Advertisement

Huntington Beach Told to Replant Marshland

Share
Times Staff Writer

The U.S. Environmental Protection Agency has determined that the City of Huntington Beach violated federal law in December when it bulldozed three acres of valuable freshwater marshlands that provided a rare nesting habitat for songbirds.

To compensate for the damage, an agency official said, the EPA is ordering the city to replant a thicket of cattails, willows, mulefat and other wild grasses that was destroyed by a controversial mosquito-abatement project at Huntington Beach Central Park last December.

“We felt there had been a violation of the Clean Water Act,” which requires a permit before a waterway is dredged or filled, EPA enforcement coordinator Robert Leidy said.

Advertisement

Leidy said that the city erred when it failed to seek a federal permit and that it should have conducted its marsh clearance project with more restraint.

“We concur that they have to control mosquitoes,” Leidy said, “but we would like to see them do it in a way that doesn’t mean they have to bulldoze all the riparian habitat. They have to do it in a way to minimize the impact to wildlife.”

Videotape of Operation

Leidy said he and other EPA officials reached their conclusion after visiting the site at Talbert Lake inside the park last week, speaking to city officials and viewing a videotape the city had made of the bulldozing operation.

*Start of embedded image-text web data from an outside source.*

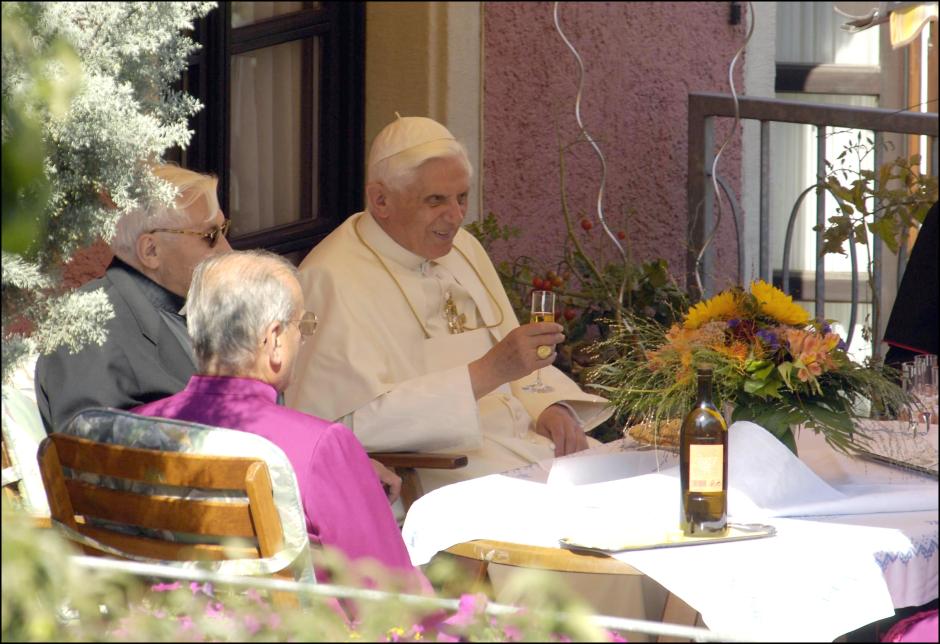 El Papa Benedicto XVI almorzando en un restaurante junto a su hermano Georg
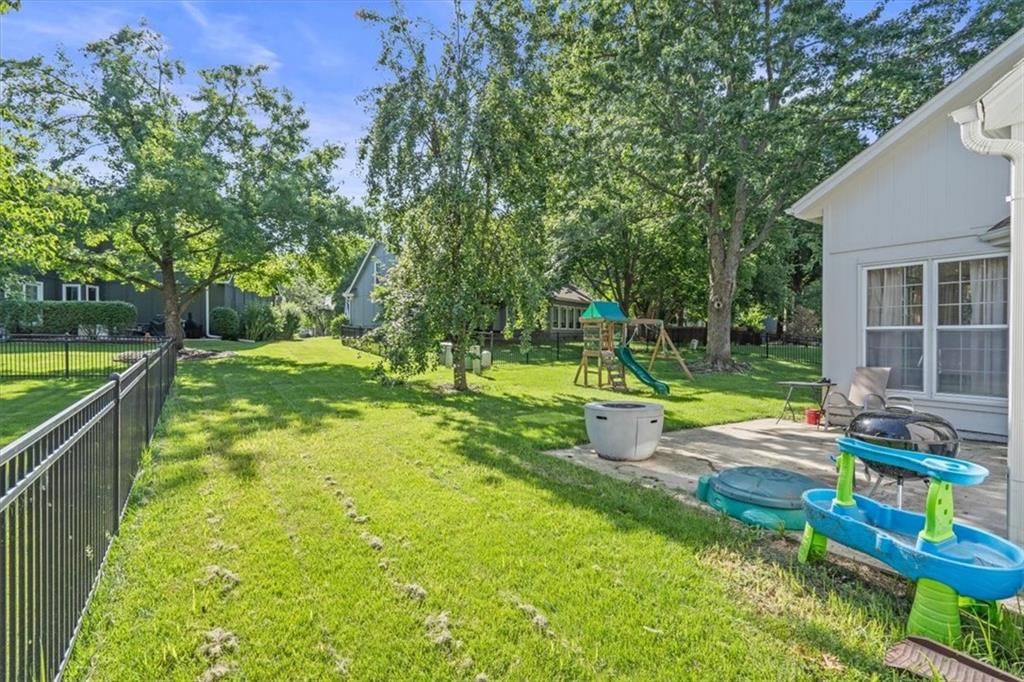 8443 Mettee Street — photo 36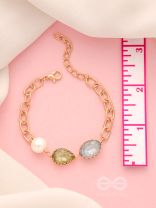 Ocean in Nutshell- Golden Embellished Bracelet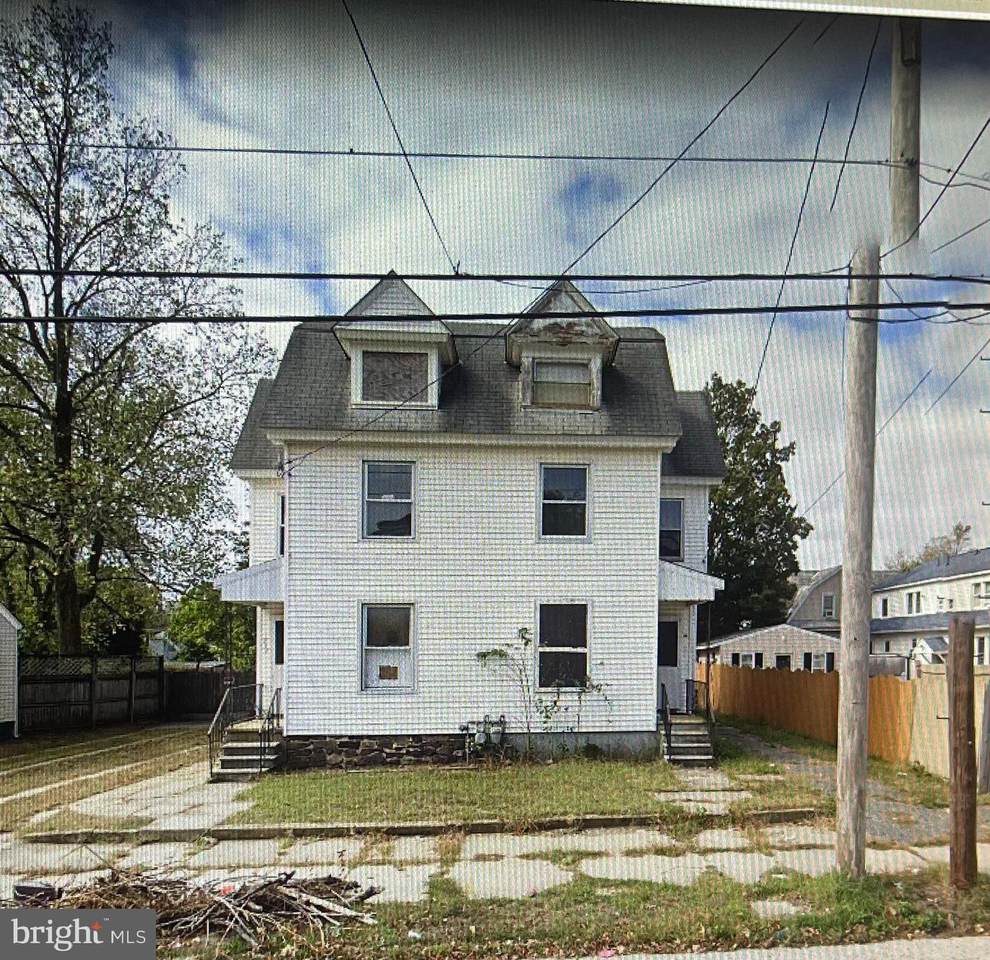 714 3RD Street - Photo 1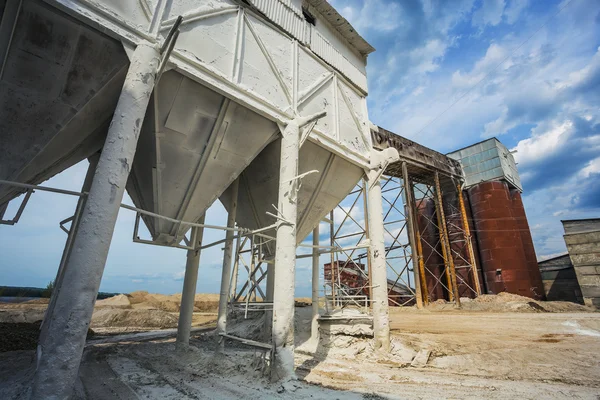 Contenedor en la planta para la producción de mezclas de construcción —  Fotos de Stock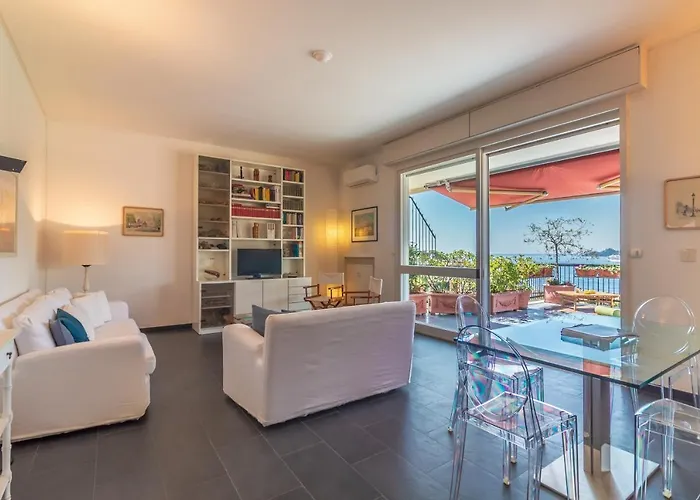 Super Attico Vista Mare E Ampia Terrazza Rapallo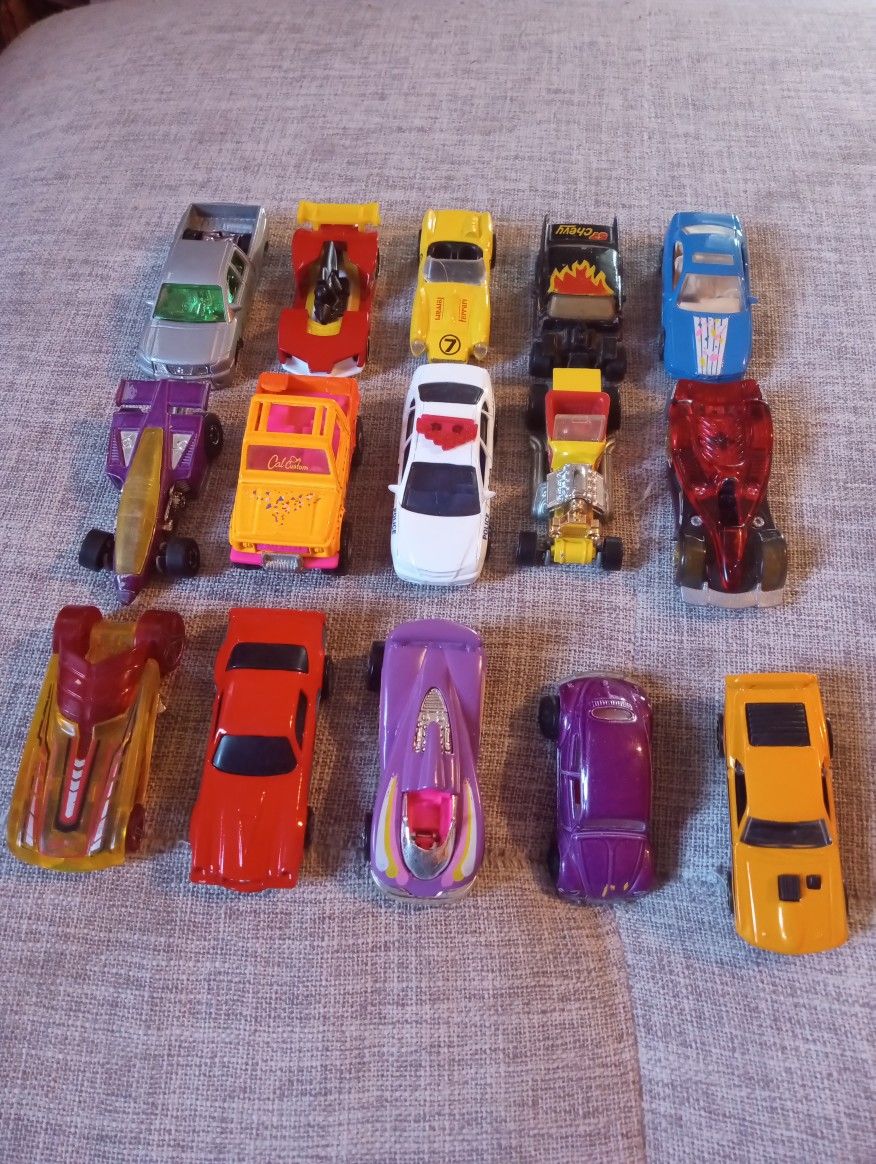 15 Hot Wheels Diecast Cars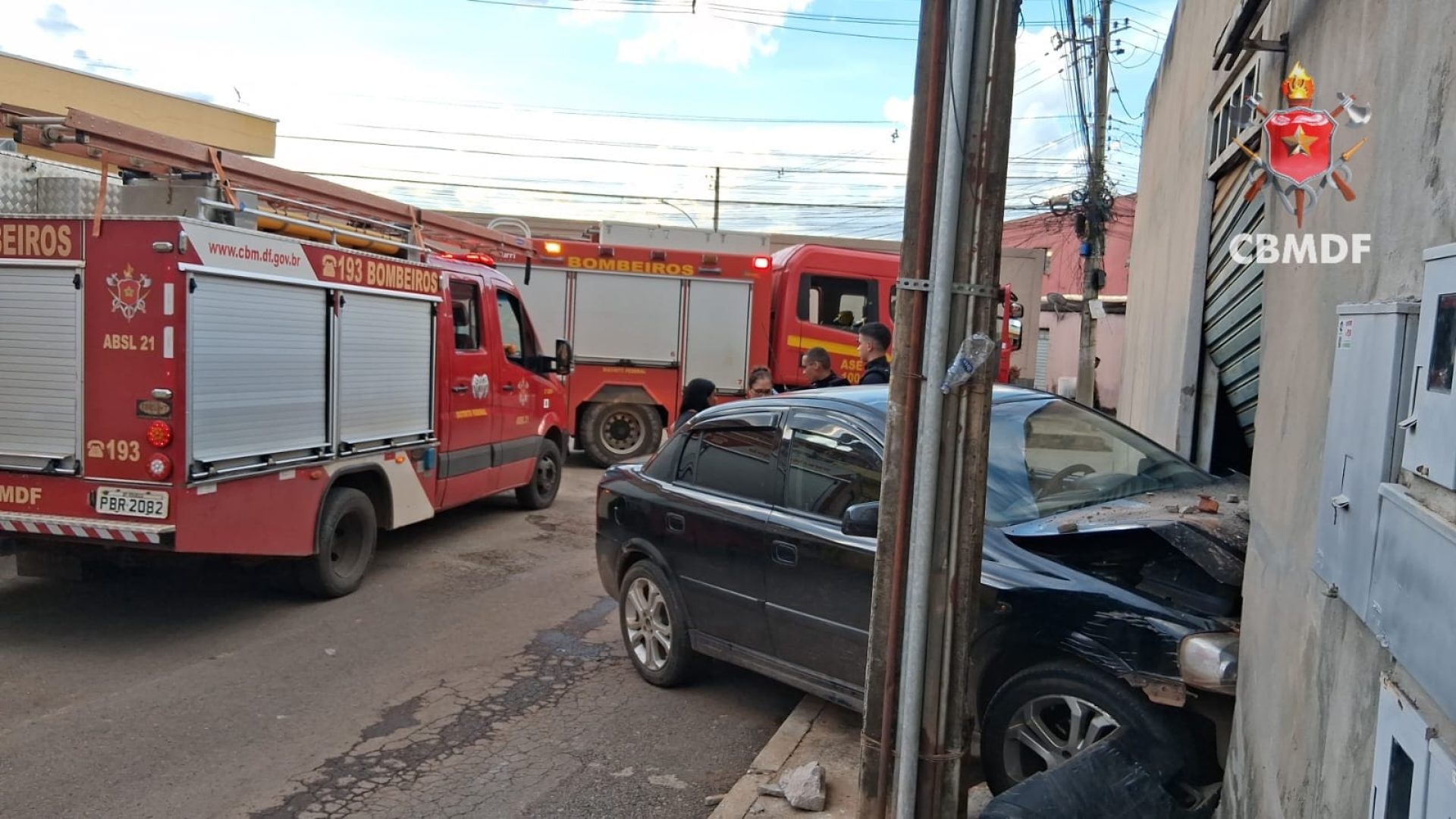 Motorista perde o controle e veículo atinge casa no DF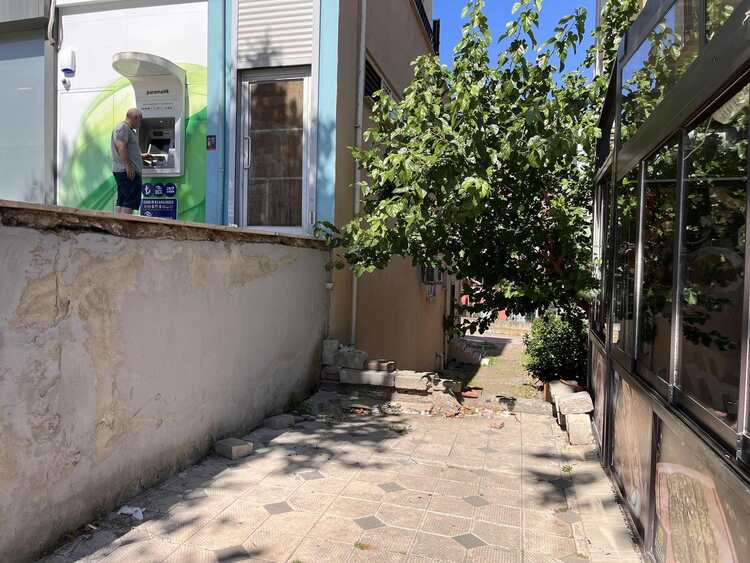 Kurtköy Mahallesinde Kiralık 16 m² Depo & Büro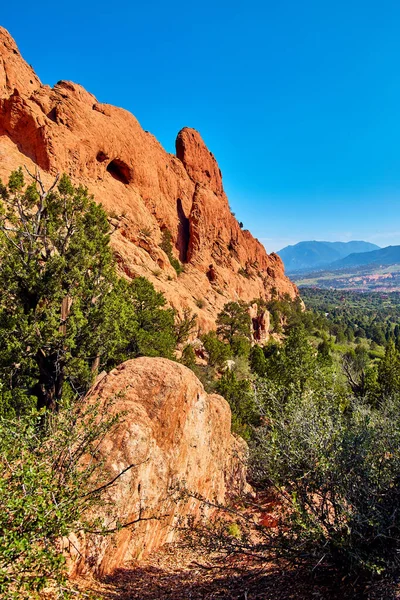 Kızıl kaya sütunlarıyla çölde dikey dağ manzarası — Stok fotoğraf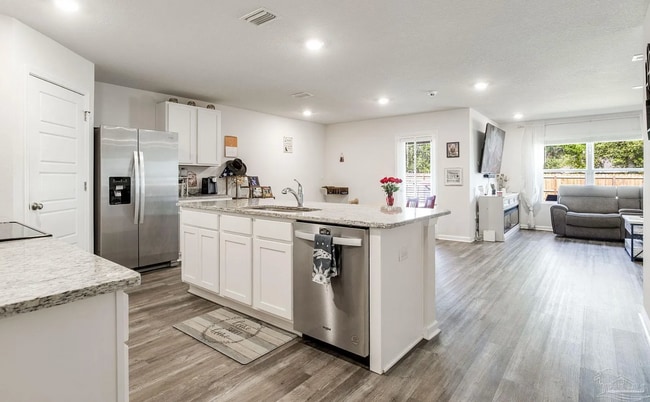 Building Photo - 9768 MilleeLoop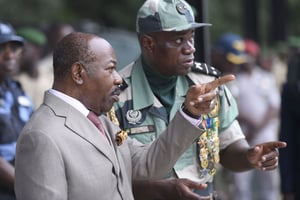 L’ex-président Ali Bongo Ondimba (à g.) et le président de la transition, Brice Clotaire Oligui Nguema, le 21 juillet 2023. © COM PR ID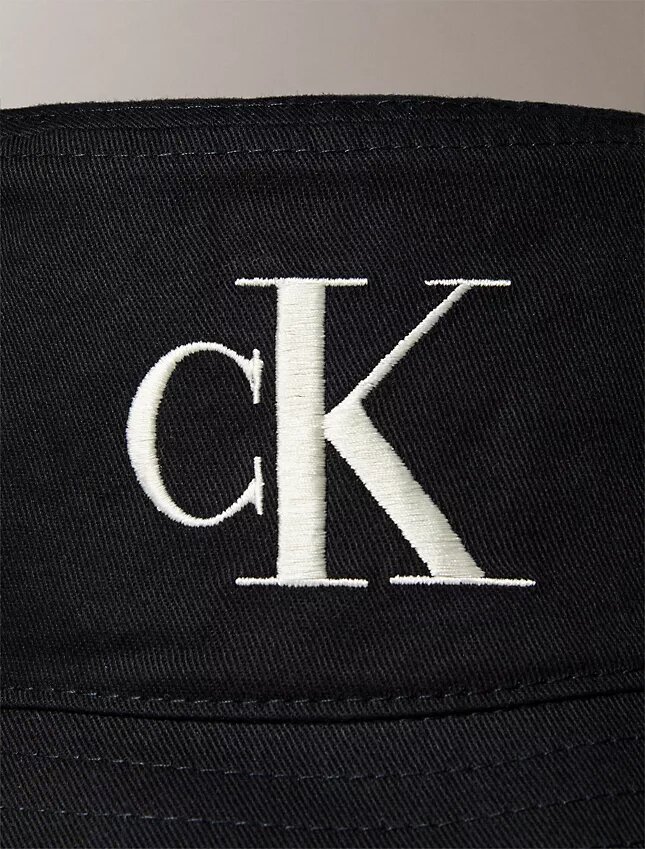 Haftowana czapka typu bucket z Monogramem Haftowana czapka typu bucket z Monogramem
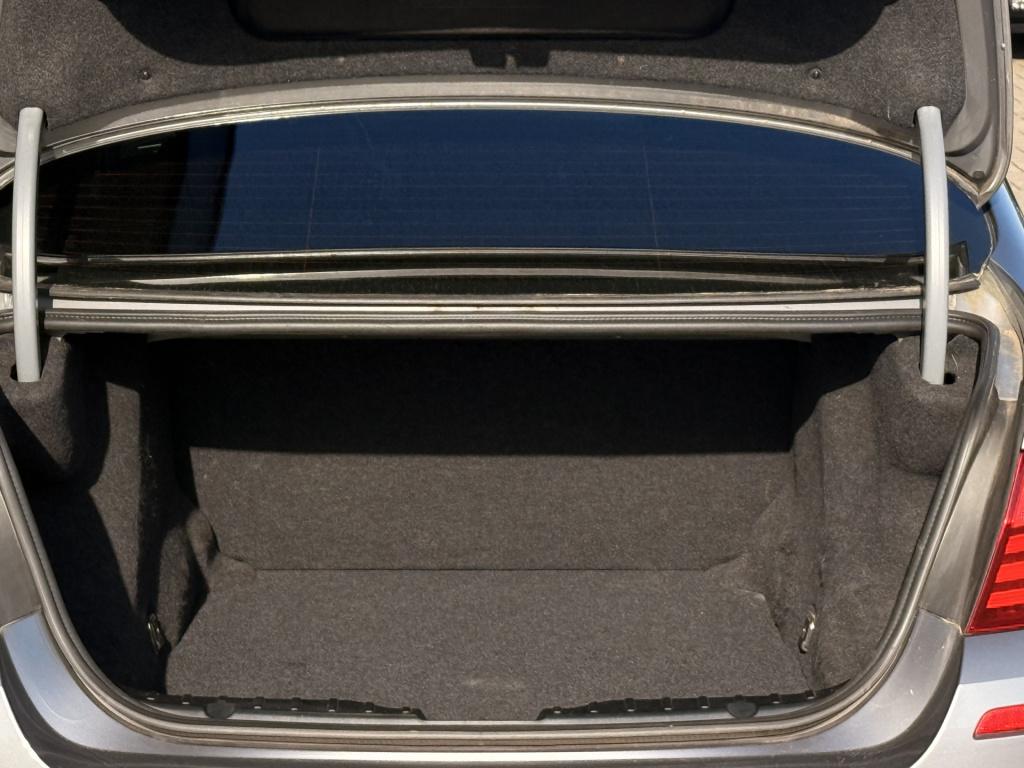 BMW 5 Serie 528i m pakket | head-up | cruise | stoelverwarming | navi | led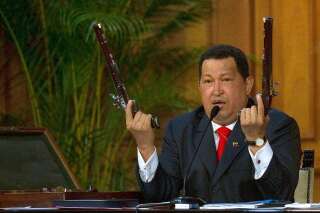 Élections au Venezuela: Hugo Chavez est-il un dictateur ou un démocrate? 5 raisons de croire en lui, 5 raisons de s'en méfier
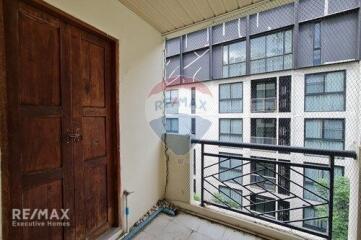 Pet-Friendly 2BR Condo with Urban Oasis Vibe, 17 Mins Walk to BTS Phrom Phong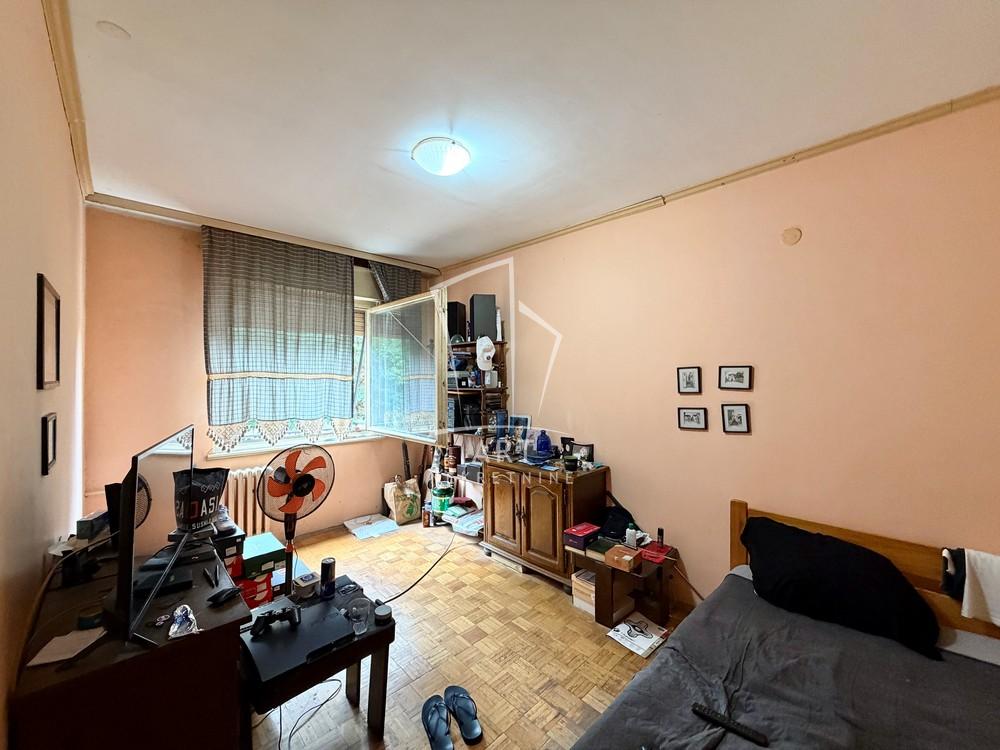 Stan na prodaju u Beogradu, Novi Beograd blok 62, dvoiposoban, 68m2, cena 220000 evra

City officials have promised to cooperate in restoring the marsh, Leidy said.

That was news to City Atty. Gail Hutton.

Hutton said she had not been notified of the EPA’s findings and could not say whether the city will contest them. But she cautioned: “I’m not sure that, because the EPA says we’ve committed a crime, we have to jump through 50 hoops that second.”

Last month, city Parks Director Daryl Smith defended his $12,000 cleanup as necessary to eradicate rats and thousands of mosquitoes that were breeding in ponds and thick, wet grasses in the park. Smith also said the bulldozing was performed at the request of county Vector Control officials.

But Smith further argued that the federal government had no jurisdiction over management of a city park. Hutton said that a staff attorney has been researching that issue.

Advertisement

Bird-Watching Area

Local bird watchers and wildlife biologists were outraged by the bulldozing, arguing that the city had destroyed an oasis known as one of the best bird-watching spots in Southern California and one of Southern California’s last freshwater marshes.

Some suggested that the city could have used less extreme measures to control the mosquito and rat problems, such as using chemicals or traps.

Their complaints led regional officials for the U.S. Fish and Wildlife Service and the state Department of Fish and Game to investigate.

In early January, the U.S. Fish and Wildlife Service wrote a letter to the EPA complaining that the city had destroyed part of “a riparian habitat within the park that supports one of the largest and densest concentrations of passerine migrants (migrant songbirds) anywhere in Orange County or, for that matter, the western United States.”

Fish and Wildlife Service officials said that about 40 species of birds regularly breed in the marsh and that about 200 species--including American lesser goldfinches, bushtits, northern orioles, warbling vireos and ruddy ducks--had been sighted there in the last four years.

Meanwhile, a state Department of Fish and Game official said that the agency was still investigating whether state law was violated by the bulldozing but that misdemeanor charges will probably be sought against Huntington Beach.

Advertisement

Under state law, public or private property owners must get a permit for work in a riparian habitat (habitat around streams, lakes or ponds), Fish and Game Department Patrol Lt. Mona Cole said.

In 1985, a state Fish and Game officer had warned the city against undertaking a similar clearance project without a permit, Cole said, but this time “it seems like they just proceeded.”

Cole dismissed the argument of Huntington Beach officials, who have defended the bulldozing in mid-December as routine maintenance of their property. “That will have no bearing,” she said. “The Irvine Co. goes through (environmental) mitigation with us. It’s not fair to do one and not the other.”

EPA enforcement coordinator Leidy said he will contact city officials next week to let them know whether he will issue an order to restore the area or whether the city should seek an after-the-fact permit for dredging the lake. The permit would be issued by the Army Corps of Engineers.

“Either way, there’s going to be restoration,” Leidy said. The city would then have 30 days to review the restoration plan, he said.

If the city must replant cattails, willows and a marsh grass called mulefat, the work will not come cheap.

Advertisement

Mike Evans, owner of Tree of Life, a native plants nursery in San Juan Capistrano, estimated that seeding and restoration could cost $6,000 an acre, possibly less. Last month, a federal wildlife service biologist estimated that the costs could range as high as $25,000 an acre.

For all the expense, an Orange County Audubon Society leader said, it would take about five years of replanting to restore the area to a wildlife habitat.

“They skinned the earth down to the mud,” said Dick Kust, president of the Audubon Society’s Sea and Sage Chapter. “But obviously replanting something so it starts growing back is better than nothing. And nothing is what we’ve got at the moment.

“I just hope that not only the City of Huntington Beach but other people who have control over wetlands as well will learn some respect, at least, for the law.”